Se torea para conquistar al público, me decía cada dos por tres Dámaso Gómez mientras hacíamos carrera continua en el campo de fútbol del Moscardó, en la barriada de Usera -años sesenta-, cuando los empresarios apenas contaban con el diestro madrileño. El cual nunca perdía ni la calma ni la sonrisa y deleitaba cuando abría la boca para contar vivencias y modos de afrontar la vida.
También tuve como vecino a Luis Segura. Pues ambos vivíamos en el número 94 del Paseo de las Delicias. El maestro Se lamentaba, en ocasiones, de lo mal que lo trataba Livinio Stuick: Gerente de la Plaza de Toros de Las Ventas. Fuera del ruedo era un conquistador nato. Un tipo que despertaba un interés inusitado entre las mujeres. Andaba mejor que Robert Michum.
José María Manzanares -padre- (con quien compartí varias noches de farra y risa, gracias a la amistad que le unía con mi siempre recordado José Cañas "Cañitas", torero que no fue ni bien llevado ni aconsejado) disfrutaba de lo lindo cuando se hacía de noche. Era un consumado noctívago. A quien le gustaba el cachondeo y sobre todo el sentirse taladrado por ojos de hembras que le aguantaban la mirada. Convencido de que en cualquier momento podría salir triunfante del envite.

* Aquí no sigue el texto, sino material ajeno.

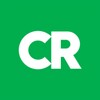 Consumer Reports: Ratings App icon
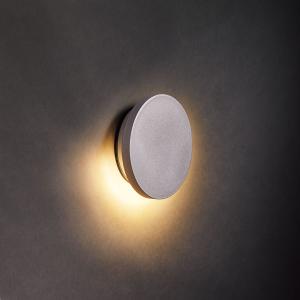 イサム・ノグチ 正規販売店 イサムノグチAKARI スタンドライト / 75009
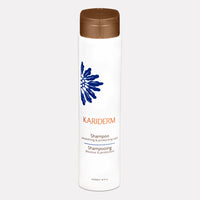 Shampoing douceur et protection - Kariderm - 250ml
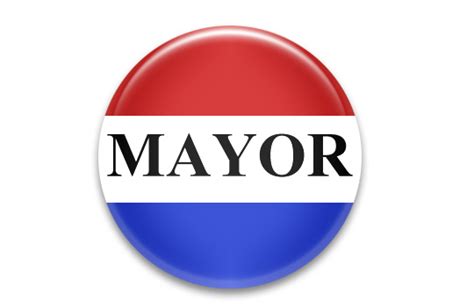 mayor button jurassic parliament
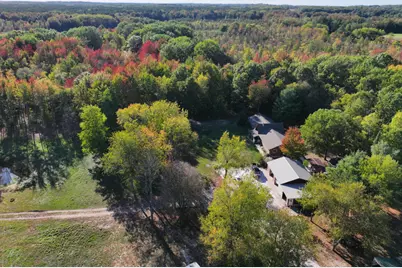 2697 N 176th Avenue, Walkerville, MI 49459 - Photo 60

El entusiasmo de los toreros ha de prevalecer siempre para desengañar al toro y llevarlo toreado. Es una conquista en la que, sin duda, se juegan la vida. Los toreros asumen el riesgo. Cuando un torero pierde la pasión por el toro, por una actividad, o por una mujer, echa de menos ese chute de adrenalina al que está habituado. Y toma la decisión que tomó don Quijote en su momento: vivir otra vida. Es lo que ha hecho, creo yo, el maestro Enrique Ponce.